What caveats should users keep in mind when drawing findings from the dashboard?

This dashboard is primarily a tool for visualization and user feedback, not analysis. The visualization features will give a user the opportunity to explore possible trends related to the nature, impact and distribution of Chinese aid and development finance projects. However, it does not substitute for a thorough spatial econometric analysis needed to derive to substantive conclusions (for such an analysis, please see the AidData’s ‘Aid on Demand’ working paper)

Generally, the spatial base layers provided are an aggregate across our time-series. If a user is looking at a single year of Chinese development finance data, there could be a mismatch between what the base layers are displaying and the year. This could lead to users to draw spurious correlations. In addition, when the map renders national either precision code 6 or 8, it will place them in the center of the country. It is important to recognize that these projects are not actually located at that set of latitude and longitude coordinates.

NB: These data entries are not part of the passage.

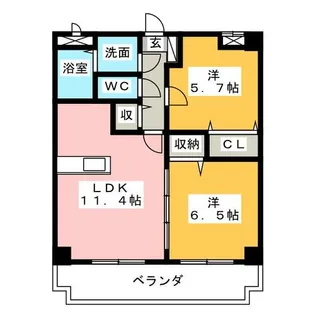 クレアールメゾン大山【2階】の間取り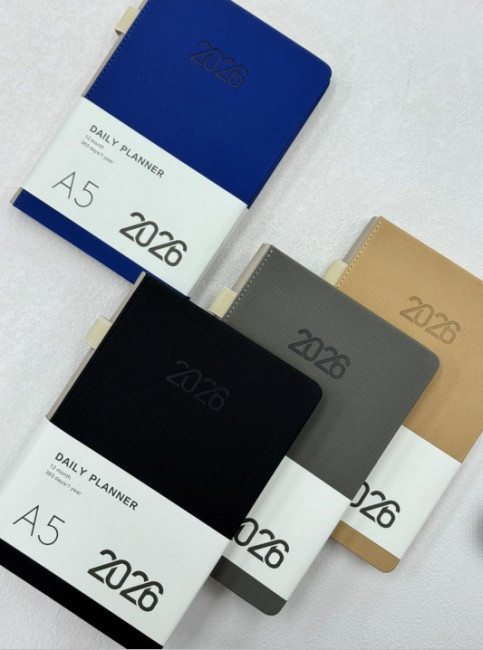 Ежедневник датированный 2026г А5 168л, линия, цвет ассорти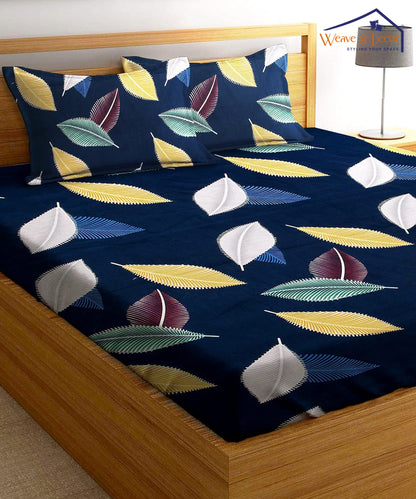 Blue Leaves Super King Fitted Bedsheet With 2 Pillow Covers
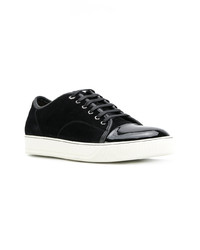 schwarze Wildleder niedrige Sneakers von Lanvin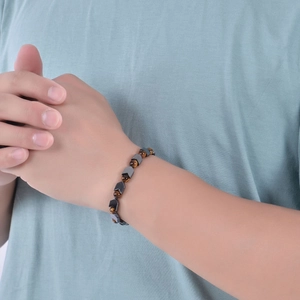 Handmade 6mm tiger eye and black magnetic stone bead bracelet for men and women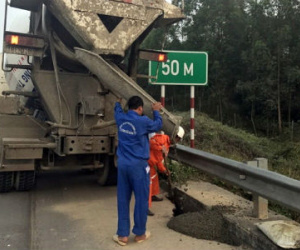 Đã khắc phục điểm xói lở trên cao tốc Nội Bài - Lào Cai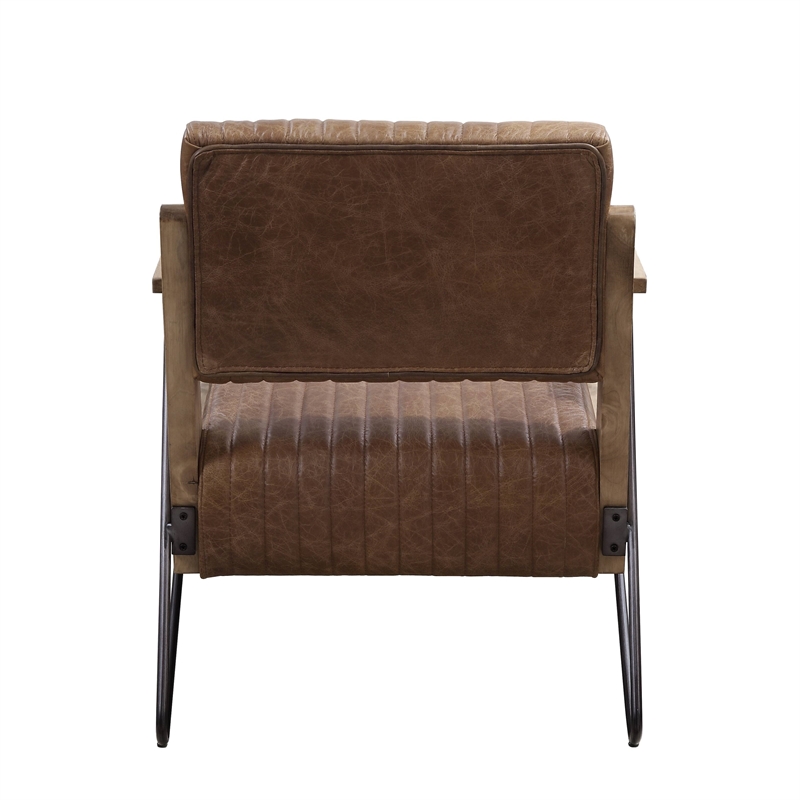 Bowery Hill Upholstered Accent Chair in Cocoa Leather and Iron Frame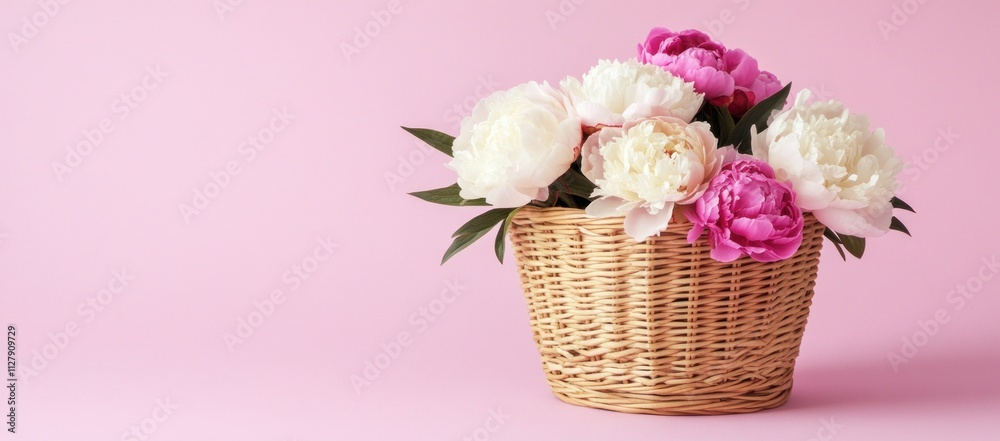 Pink and white peonies in a wicker basket on a pink background. (1) Pink and white peonies in a wicker basket on a pink background. (1)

How do you account for detection bias? Are you under-representing the extent of China’s involvement in non-English speaking countries that lack press freedom?

This year, our staff performed some preliminary analysis on potential biases in media coverage of Chinese financing to Africa. We found that the level of press freedom was not a significant predictor of media coverage. However, we did find that projects in urban areas received a disproportionate amount of media coverage compared to projects in rural areas.

In a new AidData working paper entitled ‘Apples and Dragon Fruits’, we also control for detection bias by including a control variable that measures whether the country of interest is predominantly English-speaking.

How many unique sources of information were used to assemble this database?

In the 1.2 research release, we have collected project-level information from over 6000 distinct information sources in order to assemble the dataset. On average, each project entry is informed by 3 sources. Although 27% of project records are based on information from a single resource, they represent only 6% China’s total financial commitments to Africa.

What is unofficial finance? Why do you have a separate category called this and what goes into it?

Official financing is the sum of ODA-like, OOF-like, Vague Official Financing and Official Investment.

Unofficial financing is where state may (or may not) have some level of involvement, but its level of involvement is not clear. Examples include: Joint Venture with a state-owned enterprise, NGO aid, and corporate aid.

We do not currently track unofficial financing from China in a comprehensive manner. These flows are often identified inadvertently during the process of identifying the known university of official financing activities. In the interest of full transparency, we record rather than discard these unofficial financing activities; however, we do not use the data in any of our research, analysis, or data visualization activities.